A multimodal request arrives with an image (or several images, audio, video) interleaved into the prompt. The model cannot attend to raw pixels. Before the language model sees anything, a separate vision (or audio) tower has to run a forward pass that turns the media into a block of embeddings, and those embeddings are then spliced into the token stream where placeholder tokens stand in for them. This is the architecture that LLaVA: Visual Instruction Tuning (arXiv:2304.08485) made the default template: a pretrained vision encoder, a small projection into the language model’s embedding space, and an otherwise ordinary autoregressive decoder. The serving consequence is blunt. There are now two models behind one request, the encoder runs first, and its output is large, reusable, and expensive enough that you do not want to recompute it.

So the engine grows a second budget and a second cache. The decoder still spends the token budget you already understand. The encoder spends a separate compute budget, measured in encoder embeddings, and parks its outputs in a separate cache, the EncoderCacheManager. Both of those resources are arbitrated inside the same schedule() pass you read in Chapter 5, which is what makes this a scheduling problem and not just a model-loading detail. This chapter is about how those two budgets compete step by step, how the encoder cache becomes its own prefix-caching problem keyed by media hash, and how that media hash threads back into the Chapter 7 block hash so the two caches stay consistent.

The diagram below traces the path of a single multimodal request through the two models, and shows where the two budgets are spent and where the two caches sit. Pixels enter on the left, become embeddings in the encoder, get spliced into the placeholder slots in the prompt, and only then does the decoder run. Each model has a resource that gates it: the encoder is gated by the encoder compute budget plus the EncoderCacheManager, the decoder by the token budget plus the KV cache from Chapter 4.

flowchart LR
    IMG["image bytes"] --> HASH["media hash (identifier)"]
    HASH --> ENC["vision encoder (one forward pass)"]
    ENC --> EMB["block of embeddings"]
    EMB --> ECACHE["EncoderCacheManager (keyed by media hash)"]
    ECACHE --> SPLICE["splice embeddings into placeholder slots"]
    PROMPT["text tokens + placeholder tokens"] --> SPLICE
    SPLICE --> DEC["language decoder (autoregressive)"]
    DEC --> KV["KV cache (Chapter 4)"]
    EBUD["encoder compute budget"] -->|gates| ENC
    TBUD["token budget (Chapter 5)"] -->|gates| DEC

The two halves look symmetric, but their resources behave differently, and the rest of the chapter is mostly about that asymmetry: where the media hash comes from and why it has to be shared between the two caches, how the encoder’s separate budget competes with the decoder’s inside one scheduling step, and what happens to the encoder cache over the lifetime of a request.

Where the media hash comes from

Everything starts with a hash of the bytes.

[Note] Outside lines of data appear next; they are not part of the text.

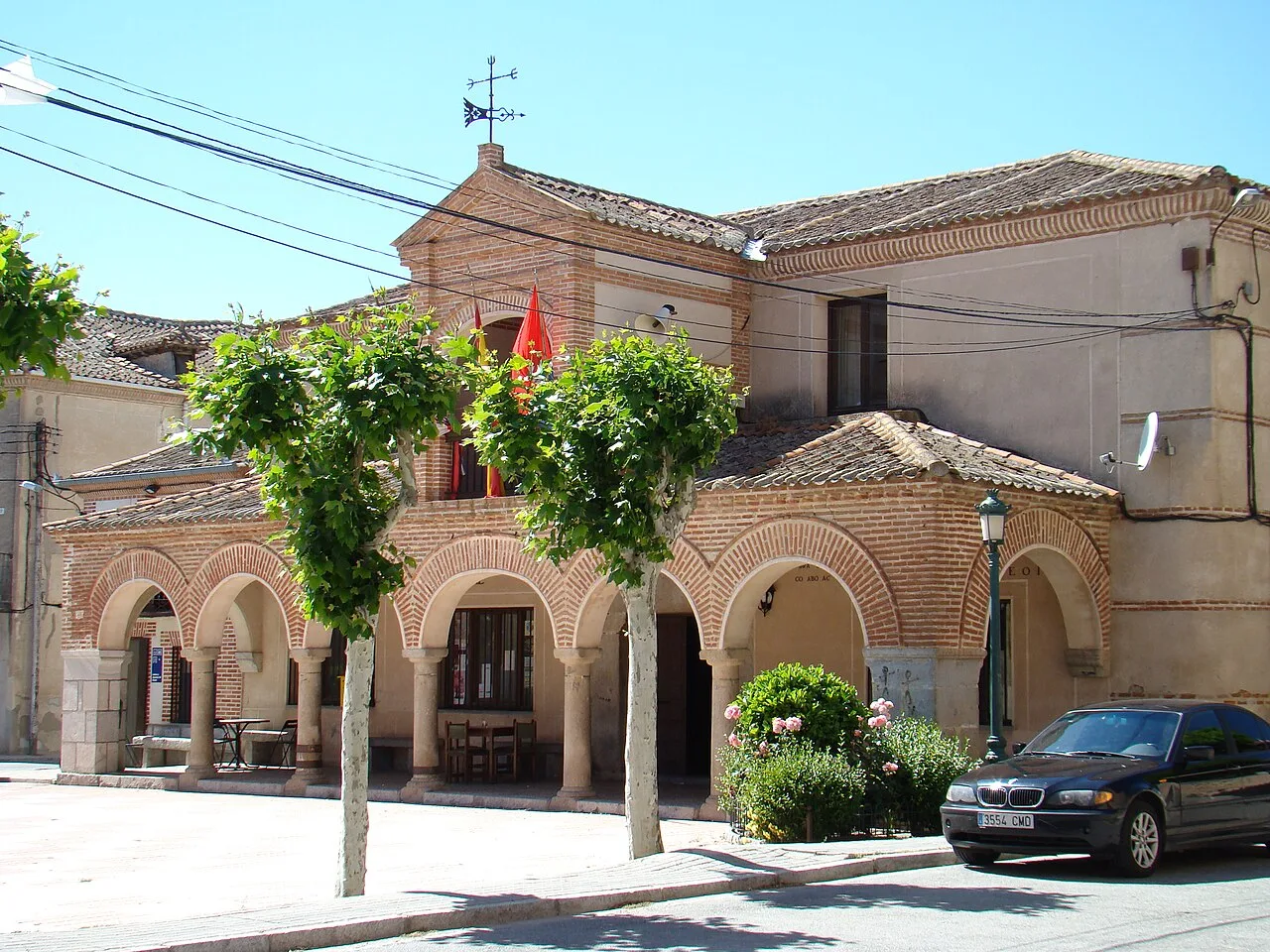 Town Hall building with stone arches and balcony in Sangarcía.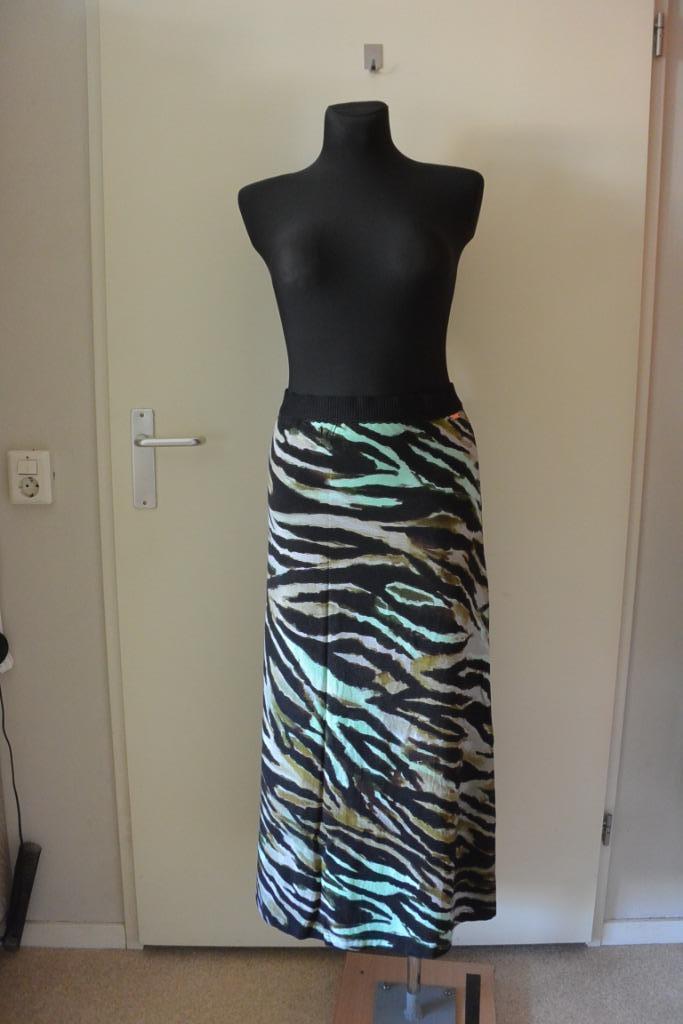 Roberto Sarto maxi rok 46 groen zwart zga nieuw, Kleding | Dames, Rokken, Zo goed als nieuw, Maat 46/48 (XL) of groter, Groen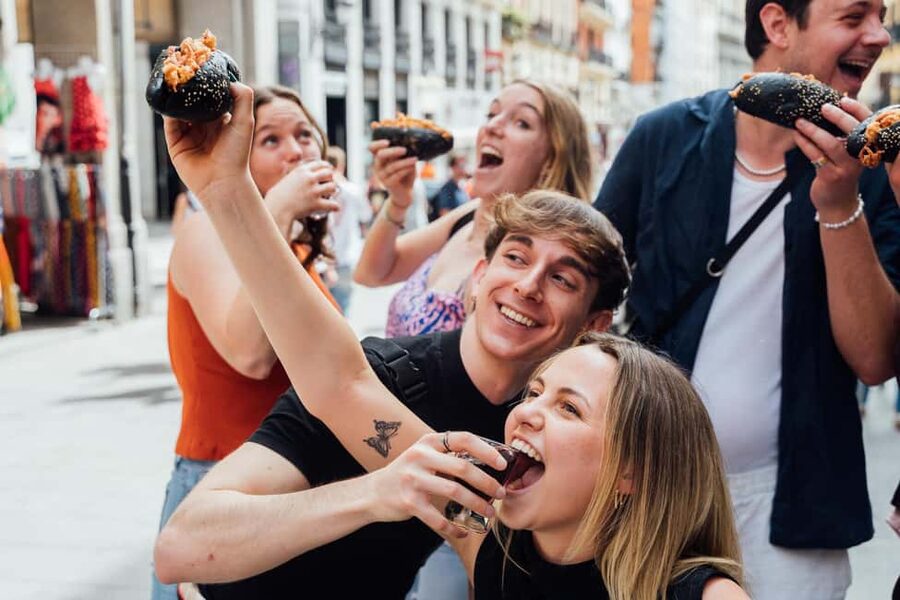 Madrid Guided Food Tour with Tapas and Spanish Wine - The final 45 minutes in Madrid de los Austrias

Before a request becomes a Request, the multimodal processor (dispatched through vllm/multimodal/registry.py) turns each media item into a MultiModalFeatureSpec, and the engine attaches a list of those specs to the request. From vllm/v1/request.py:

self.mm_features = mm_features or []

Each spec carries the modality, the processed data, the placeholder location in the prompt, and two hashes. Two hashes, because the same image can be processed under different LoRA adapters (Chapter 19), and an encoder output produced under one adapter must not be served to a request using another. The mm_hash keys the processor output (the raw, adapter-independent result of decoding the bytes); the identifier keys the encoder output and folds in a LoRA prefix when one applies, so it is the stricter of the two. The fields that matter for the rest of this chapter are in vllm/multimodal/inputs.py:

identifier: str
"""The hash for caching encoder outputs (with LoRA prefix if applicable)."""
...
mm_position: PlaceholderRange
"""The location of the `modality` tokens corresponding to this item in the prompt..."""
mm_hash: str | None = None
"""The hash for caching processor outputs (without LoRA prefix)."""

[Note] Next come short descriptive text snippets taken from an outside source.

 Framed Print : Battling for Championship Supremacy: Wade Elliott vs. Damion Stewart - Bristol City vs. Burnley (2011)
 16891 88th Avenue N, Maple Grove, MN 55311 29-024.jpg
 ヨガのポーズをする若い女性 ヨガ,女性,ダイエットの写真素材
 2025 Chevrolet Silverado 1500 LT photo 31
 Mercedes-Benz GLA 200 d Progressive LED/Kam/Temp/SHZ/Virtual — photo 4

The mm_position (a PlaceholderRange) is the third piece you need to hold onto: it records where in the prompt this item’s placeholder tokens sit. A multimodal prompt is not pure media. It is a token sequence in which a contiguous run of placeholder tokens marks the slot where the image’s embeddings will be substituted, surrounded by ordinary text. The mm_position is what tells the scheduler the start and length of that slot, and it is what later lets the scheduler decide whether an image even overlaps the token range it is about to compute this step.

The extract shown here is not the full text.